PRINCIPAL AND SURETY.—Ordinarily, the relationship of principal and surety is entered into under the terms of a contract, the chief object of which is the creation of the relationship. As a general rule, any person who is capable of making a contract may be surety. Formerly, it was sometimes said that an infant was absolutely unqualified to make a contract of this kind, but now his contracts of suretyship are held to be voidable, the same as his other contracts. In some states a married woman is still prevented by statute from becoming a surety for her husband. Like ordinary contracts, a contract of suretyship must be supported by sufficient consideration. It is ordinarily a collateral engagement to pay a debt of another, and hence, comes under the section of the Statute of Frauds which requires a contract to answer for the "debt, default, or miscarriage of another," to be in writing.

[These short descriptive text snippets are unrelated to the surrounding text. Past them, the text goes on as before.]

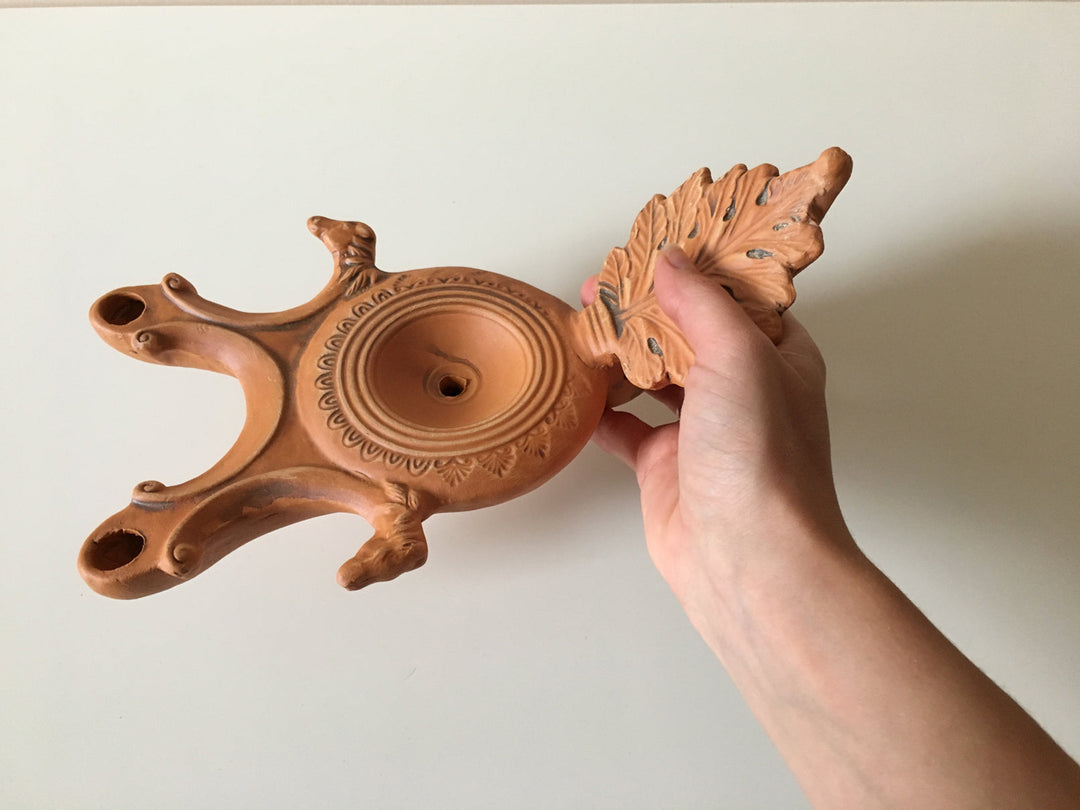 Römische Öllampe mit Blattmotiv
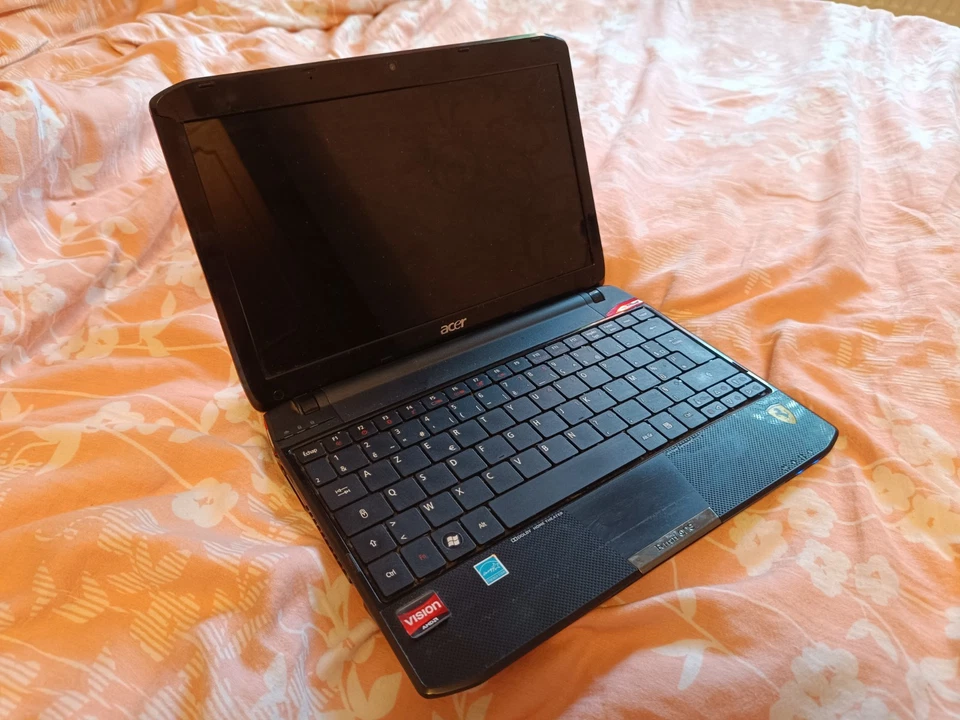 Acer Ferrari One 200 Rare Laptop 4GB RAM 320GB HDD With Charge - Collectible - Image 4 of 4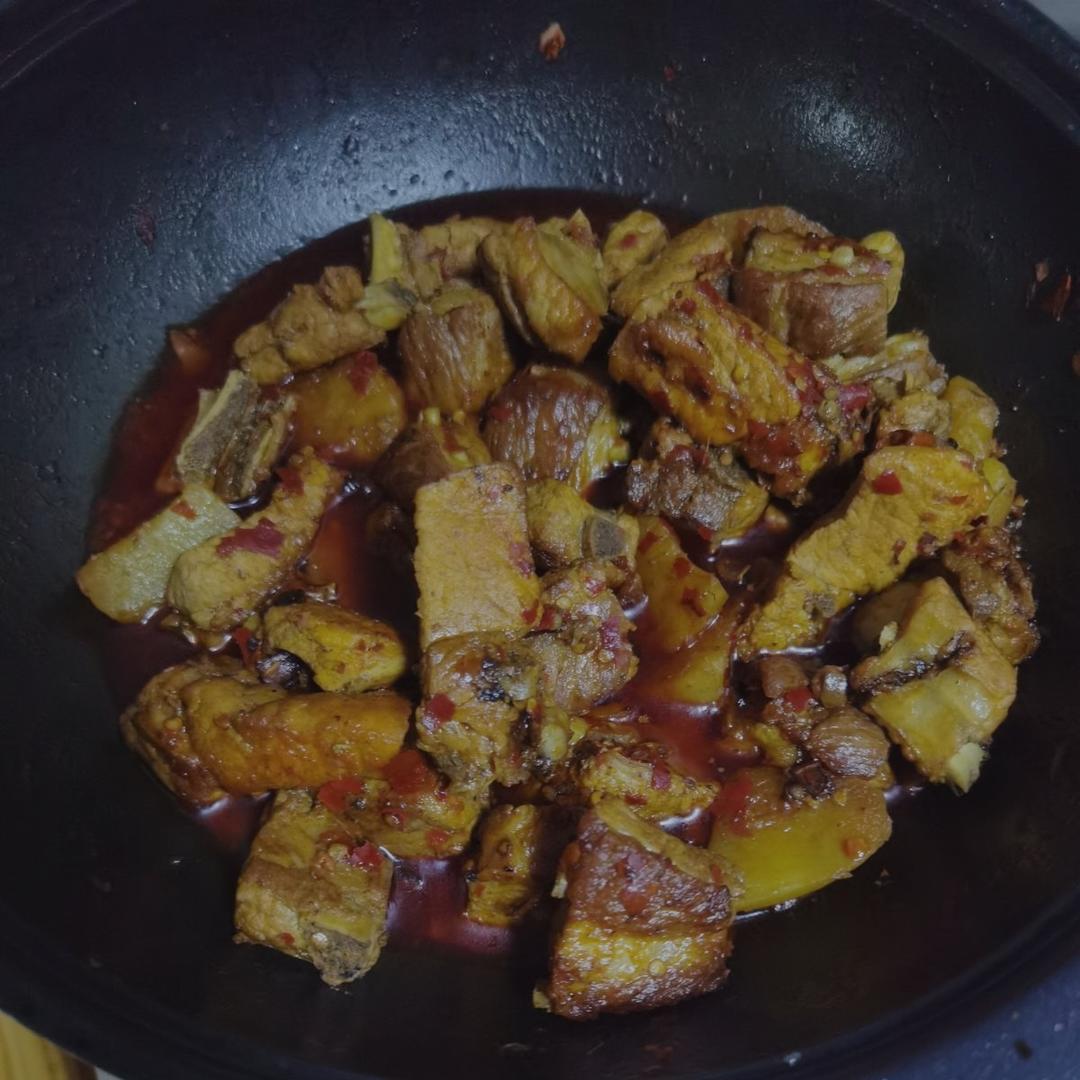 川味土豆烧排骨
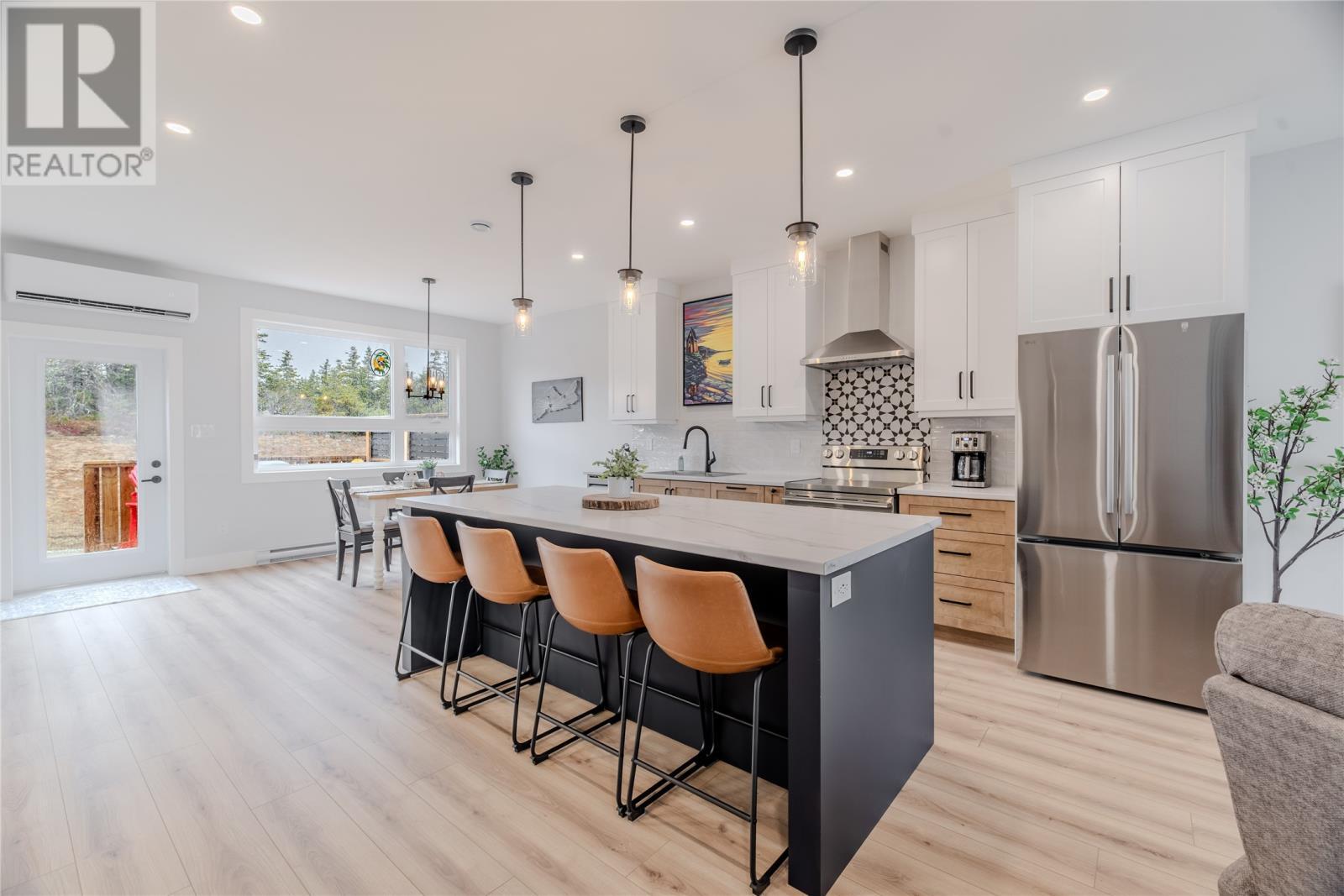 24 Donegal Run, St. John'S, NL - Indoor Photo Showing Kitchen With Upgraded Kitchen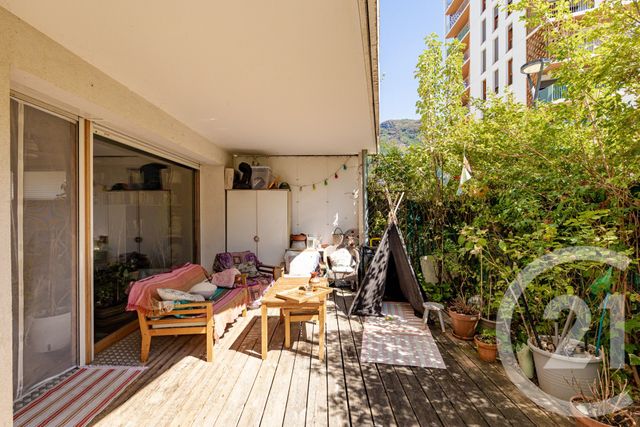 Appartement F4 &agrave; vendre - 4 pi&egrave;ces - 81 m2 - Grenoble - 38 - RHONE-ALPES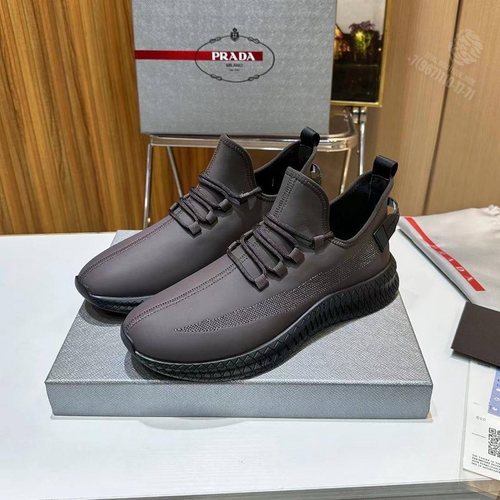 Кроссовки Prada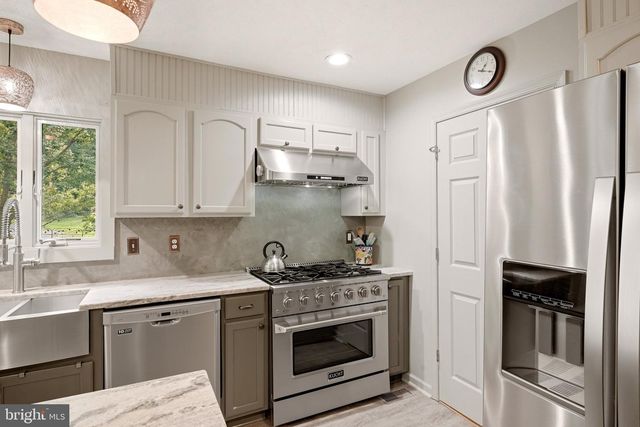 2891 SAUMSVILLE RD, Maurertown, VA 22644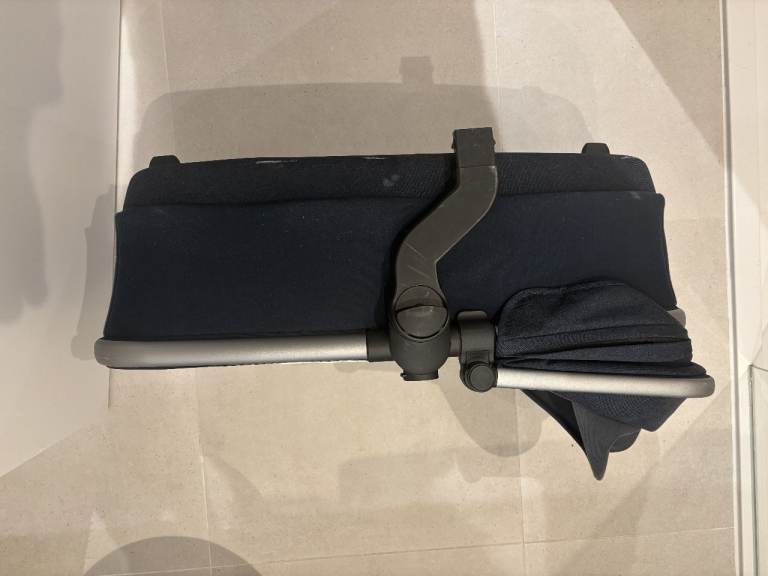 Silver Cross Wave double (tandem) pushchair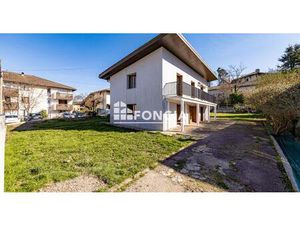 EXCLUSIVITE Saint Etienne de St Geoirs - au coeur du CENTRE VILLE!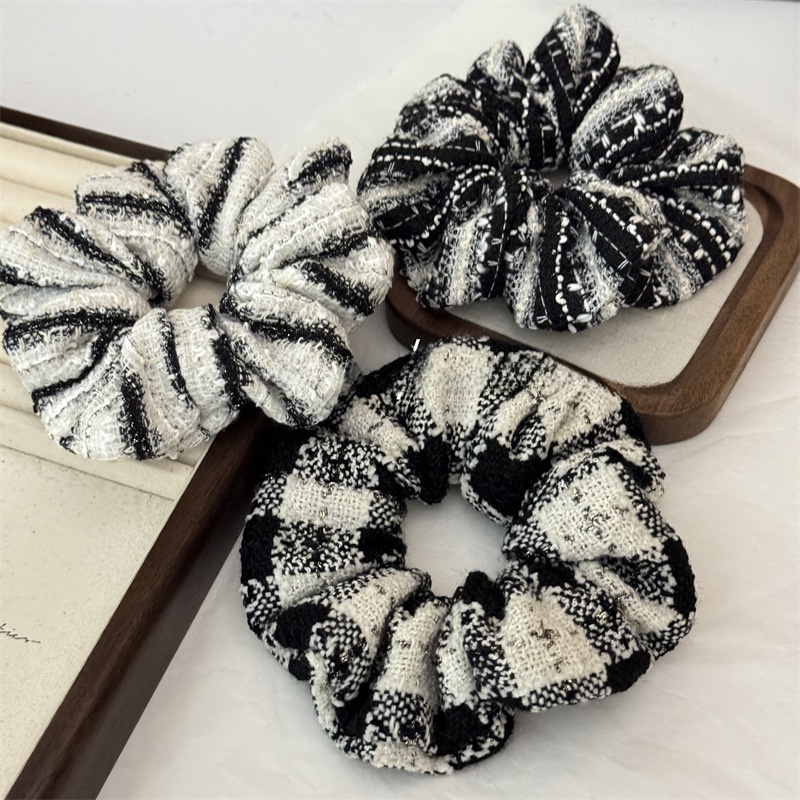 Women's Stylish Black & White Checkered Plaid Cloth Scrunchie Hair Tie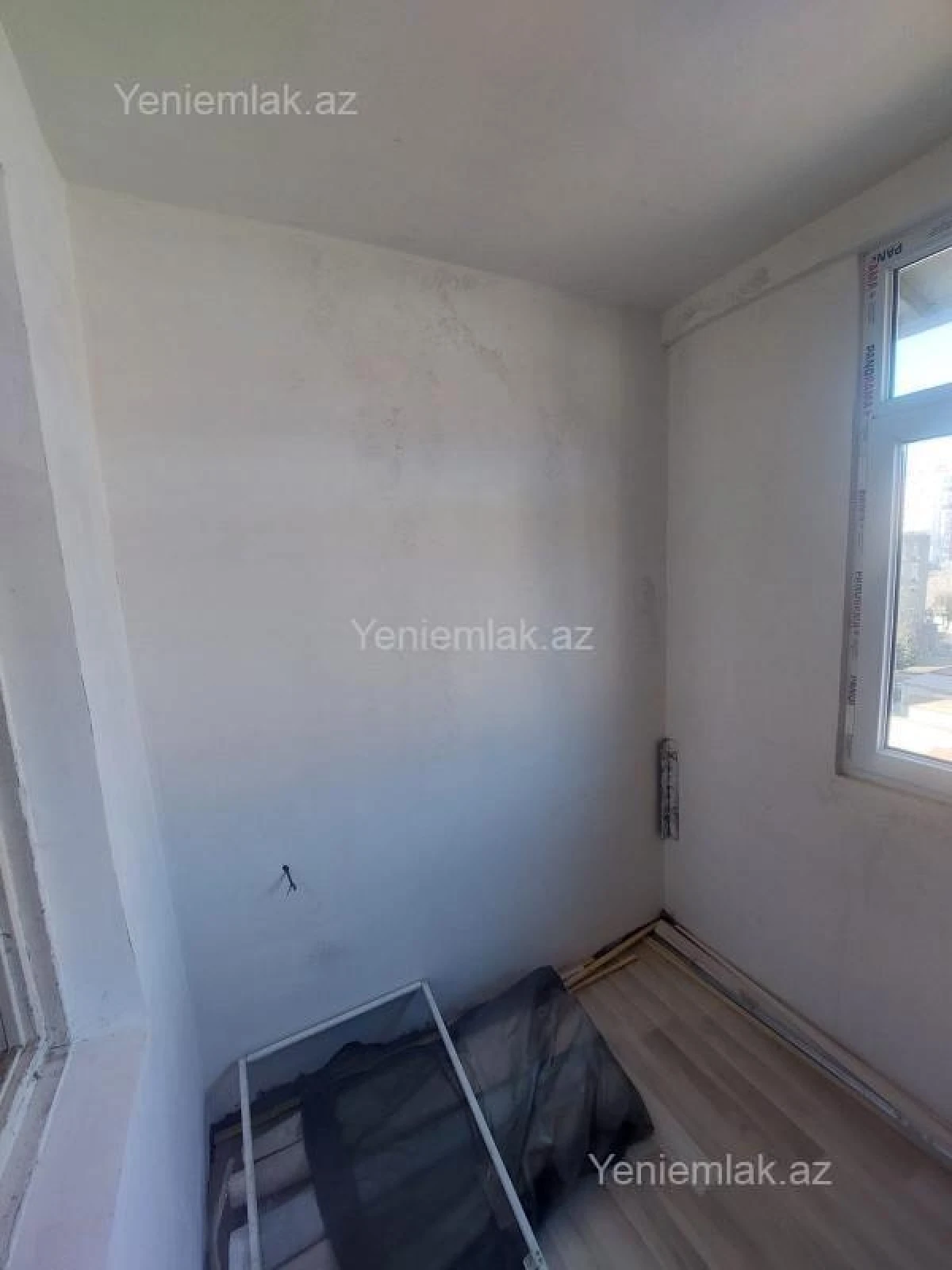 Satılır 3 otaqlı köhnə tikili 72 m²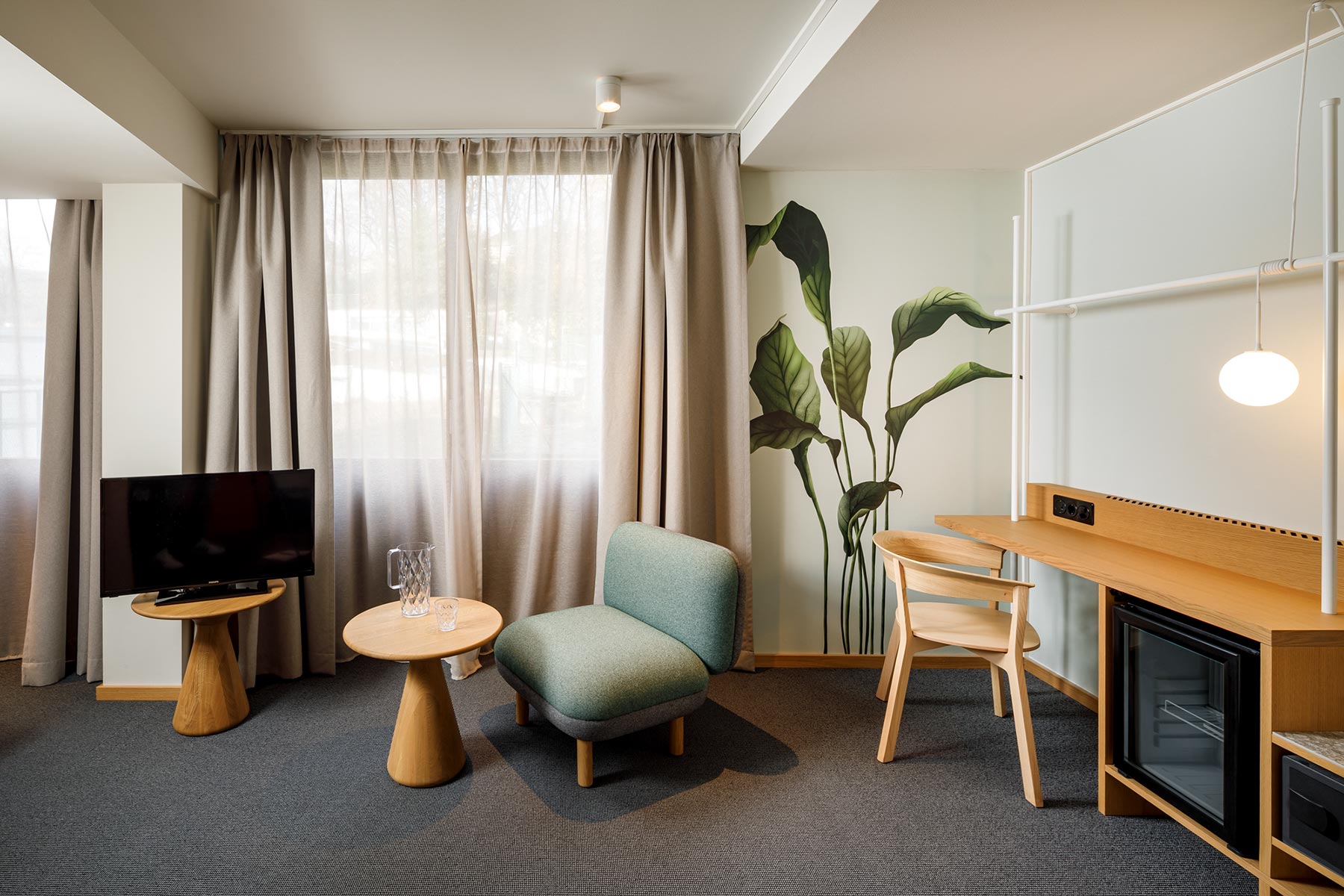 Hotelausstattung mit Schreibtisch und Minibar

SURETYSHIP LIABILITY.—The general extent of the suretyship liability is measured by the contract of the principal, which he guarantees. If no cause of action can be maintained against the principal on the contract, it follows necessarily that the surety is not liable. The tendency of the courts is to favor the surety. His obligation is ordinarily assumed without any pecuniary compensation, and it is accordingly said that his liability is "strictissimi juris," (strictly construed by the law). A surety has the right, then, to insist upon the very letter of his contract, and if there is a reasonable doubt as to whether his contract requires the doing of certain acts or not, that doubt should be resolved by the court in favor of the surety. Consequently, a surety will not ordinarily be held liable for any default of the principal, which occurred prior to the surety's contract to be such. The death of the surety does not necessarily terminate his liability, and his personal representatives will be responsible for the carrying out of his contract, especially where the contract reads that the surety "binds his heirs, executors and administrators."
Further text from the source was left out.